Pipeline Default Behaviour

  • Changed the default bhaviour to fail the entire pipeline if any stress test steps fail.
    • This is the opposite of it's original configuration, which would pass with issues if any tests failed.
    • This will cause PRs to show failing checks, but will not prevent PRs from merging (stress tests aren't required checks).

Pipeline variable rename (stress-tests-job.yml)

  • Rename buildArgumentsdotnetBuildOpts
  • Rename testArgumentsstressTestOpts
  • Add dotnetRunOpts variable for shared dotnet run options
  • Use ${{ variables.* }} compile-time expansion for all static variables
  • Add warning comment explaining the {COMMAND}ARGUMENTS env var footgun

Pool name auto-selection (stress-tests-stage.yml)

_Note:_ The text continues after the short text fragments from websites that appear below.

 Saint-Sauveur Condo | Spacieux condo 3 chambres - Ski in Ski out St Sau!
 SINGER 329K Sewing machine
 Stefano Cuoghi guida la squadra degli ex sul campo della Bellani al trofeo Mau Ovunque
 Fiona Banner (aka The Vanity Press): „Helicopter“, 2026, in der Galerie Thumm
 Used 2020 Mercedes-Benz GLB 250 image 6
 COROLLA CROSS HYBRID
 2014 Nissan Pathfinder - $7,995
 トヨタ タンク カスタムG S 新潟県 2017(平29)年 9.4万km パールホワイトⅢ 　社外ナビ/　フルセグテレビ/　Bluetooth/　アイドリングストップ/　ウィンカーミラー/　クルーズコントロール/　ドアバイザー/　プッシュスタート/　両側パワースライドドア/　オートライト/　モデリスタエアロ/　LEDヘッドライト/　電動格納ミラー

  • Automatically select 1ES pool based on ADO project name:
    • ADO.NetADO-1ES-Pool
    • publicADO-CI-1ES-Pool
  • Uses ${{ if eq(variables['System.TeamProject'], 'ADO.Net') }} at compile time
  • Removes hardcoded pool names from job invocations

Stress runner simplification (Program.cs)

  • Upgrade to use System.CommandLine
  • Remove dead code paths (RunMode.RunOne, RunMode.Profile, XML config)
  • Remove PlatformAttribute (unused)
  • Remove version detection logic (unused)
  • Simplify to just RunAll and Help modes

Pipeline structure (stress-tests-pipeline.yml, stress-tests-stage.yml)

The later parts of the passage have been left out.